Emma Annie Winslow (March 12, 1887 – April 9, 1943) was an American home economist and researcher. She made statistical studies of welfare topics including nutrition, household budgets, unemployment, and crime, working with various agencies including the United States Department of Agriculture, Wickersham Commission and the United States Children's Bureau.
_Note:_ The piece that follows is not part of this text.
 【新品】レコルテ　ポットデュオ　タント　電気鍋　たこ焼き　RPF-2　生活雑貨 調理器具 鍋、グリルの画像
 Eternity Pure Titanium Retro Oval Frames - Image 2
== Early life and education ==
Winslow was born in Rutland County, Vermont, the daughter of James Dana Winslow and Kate Elizabeth Willard Winslow. She earned a one-year certificate in Household Economics in 1906 from Simmons College. She earned a bachelor's degree from Teachers' College, Columbia University in 1914, and a master's degree in 1916. She completed doctoral studies at the University of London in 1923, with a dissertation titled Budget Studies and the Measurement of Living Costs and Standards.

== Career ==
Winslow wrote a pamphlet, Your Household Budget in Graphic Form: The New Method of Analyzing and Controlling Household Expenditures (1914), while she was teaching home economics at Columbia University. She gave a series of lectures on home economics in Vermont in 1916. While she was working for the New York Charity Organization Society she wrote Budget Planning and Social Casework (1919) Food Values: How Food Meets Body Needs (1921), and Food Values and Body Needs Shown Graphically (1924), the last two being bulletins of the United States Department of Agriculture.
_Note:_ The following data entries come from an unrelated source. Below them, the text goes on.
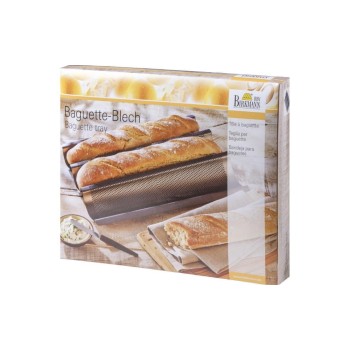 RBV Birkmann Laib & Seele Baguette-Blech, for 200-300 Gramm, 38,5 x 28 cm, Höhe: 4 cm
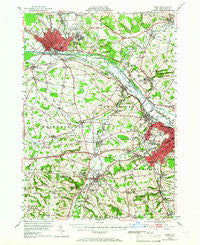 Rome New York Historical topographic map, 1:62500 scale, 15 X 15 Minute, Year 1947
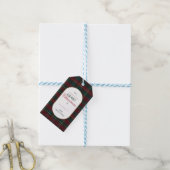 Elegant vintage Tartan Plaid Christmas gift tag ギフトタグ (より糸付き)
Winslow also co-wrote Purchasing Power of the Consumer: A Statistical Index (1925) with William E. Berridge and Richard E. Flynn. She worked with the Wickersham Commission when she wrote Crime Increases and Decreases in Massachusetts, 1885-1929: Report of a Study (1930), and contributed to the two-volume Report on the Causes of Crime (1931), published by the National Commission on Law Observance and Enforcement.

Winslow was director of social statistics at the United States Children's Bureau when she testified at a Senate hearing on unemployment relief in 1933, and wrote Trends in Different Types of Public and Private Relief in Urban Areas (1937), a report of the United States Department of Labor. At the time of her death in 1943, she was director of the division of records and reporting at United Service Organizations (USO).

== Personal life ==
Winslow died in 1943, aged 56 years, on a train near Mount Vernon, New York. Her grave is in Pittsford, Vermont.